Long-lived pykafka consumer occasionally freezes. #189

rduplain · 2015-06-22T13:33:18Z

Reporting this bug as I've heard it through @amontalenti. I don't have any information, as I'm new to the project, but want to post this issue to get other reports from others.

msukmanowsky · 2015-06-22T13:37:59Z

@rduplain are you using the BalancedConsumer or SimpleConsumer? Also, any logs from around the time the consumer freezes?

rduplain · 2015-06-22T13:43:03Z

I heard this issue through @amontalenti. The questions you are asking @msukmanowsky are exactly what I'd like to see too to assist in addressing the problem. I opened the issue, because it didn't look like one already existed. This is now an open call for those with details to post to the thread.

msukmanowsky · 2015-06-22T13:46:58Z

Gotcha! We'll try to contribute what we've seen in and around when our BalancedConsumer does this. Think @kbourgoin or @emmett9001 may have some historical logs (though I don't think they tell much). Pretty sure this issue is isolated to the BalancedConsumer and likely some threading issues, don't think the SimpleConsumer suffers from any problems here.
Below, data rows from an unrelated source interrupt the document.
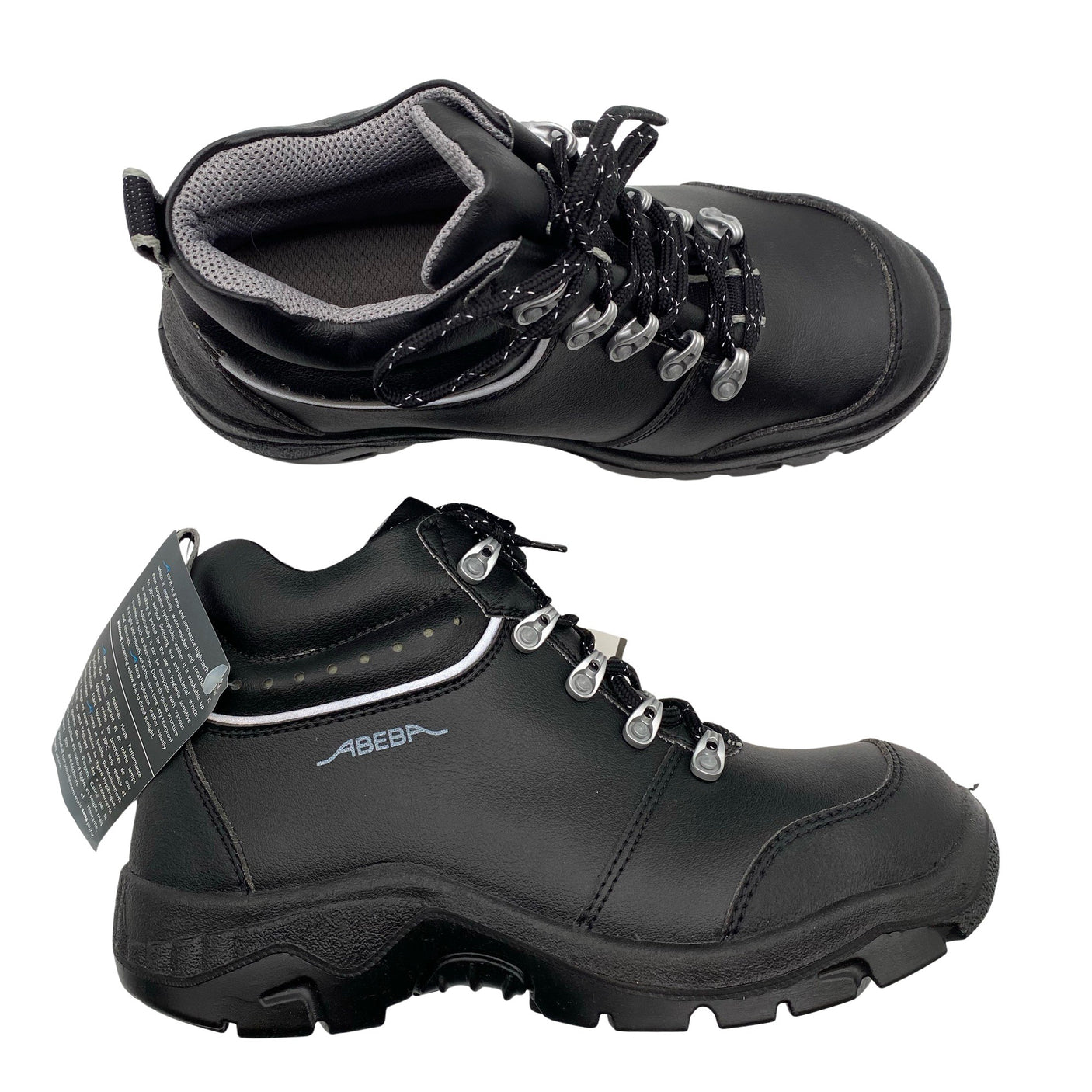 Unisex Abeba - Poolsaapad, suurus 41 - Must (1)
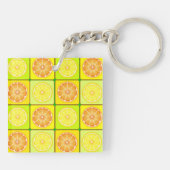 Porte-clés Porte - clé Oranges Et Citrons (Dos)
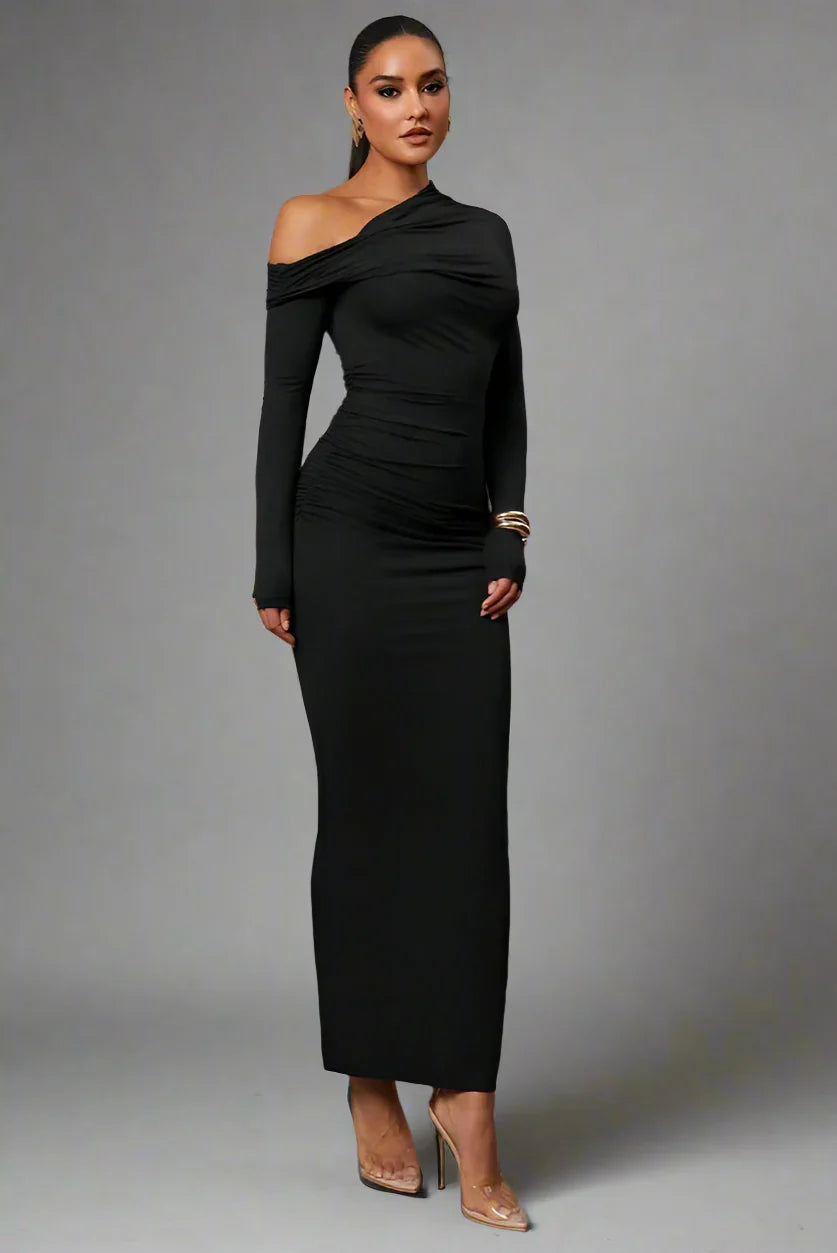 Vestido Longo Justo Vivella Shelon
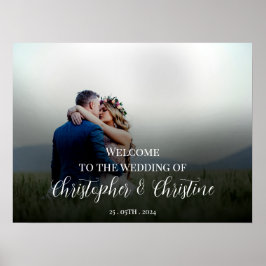 Hochzeitsschild Foto-Poster Poster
yungchin · 2015-06-22T13:53:06Z

As noted in comments elsewhere, I mentioned to @kbourgoin seeing lots of freezes in the test suite - always on tests involving a BalancedConsumer. I need to figure out how to get nose to give me more info, as --nologcapture doesn't seem to do the trick.

yungchin · 2015-06-22T22:02:45Z

Ok, just caught log output from a stalled test. The test in question is this one, and the log output is in a gist here. The test was run like so: nosetests --stop --nologcapture --nocapture --logging-config tests/debug-logging.conf tests.pykafka.test_producer:ProducerIntegrationTests > /tmp/nosetests.logging. Entries from 21:55 (L138) onwards were prompted by me hitting ctrl-c. When it doesn't stall, this test finishes in 15 seconds or so.
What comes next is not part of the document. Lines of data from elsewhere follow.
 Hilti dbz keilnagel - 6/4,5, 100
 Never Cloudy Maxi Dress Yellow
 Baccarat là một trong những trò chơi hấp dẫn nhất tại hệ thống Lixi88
emmettbutler · 2015-06-22T22:11:24Z

Is this a rebalancing loop? Looks like it rebalanced at least ten times in quick succession.

yungchin · 2015-06-22T22:34:26Z

Could that be because the topic/partitions have only just been created (in test setup) and so the brokers are still settling?

I've updated the gist with sections of the server logs, starting from 21:52 (so about 20 seconds before the test starts).

rduplain · 2015-06-25T21:41:50Z

Now that I have the test runner going, I am seeing similar behavior as @yungchin:

The test in question is this one, and the log output is in a gist here.

I am running this, as modeled after .travis.yml:

python -m pykafka.test.kafka_instance 3 --download-dir $KAFKA_BIN &
nosetests -v --with-cov --cov pykafka --cover-branches --cov-config  .coveragerc --logging-level=DEBUG

The test suite is stalling at:

test_produce (tests.pykafka.test_producer.ProducerIntegrationTests) ...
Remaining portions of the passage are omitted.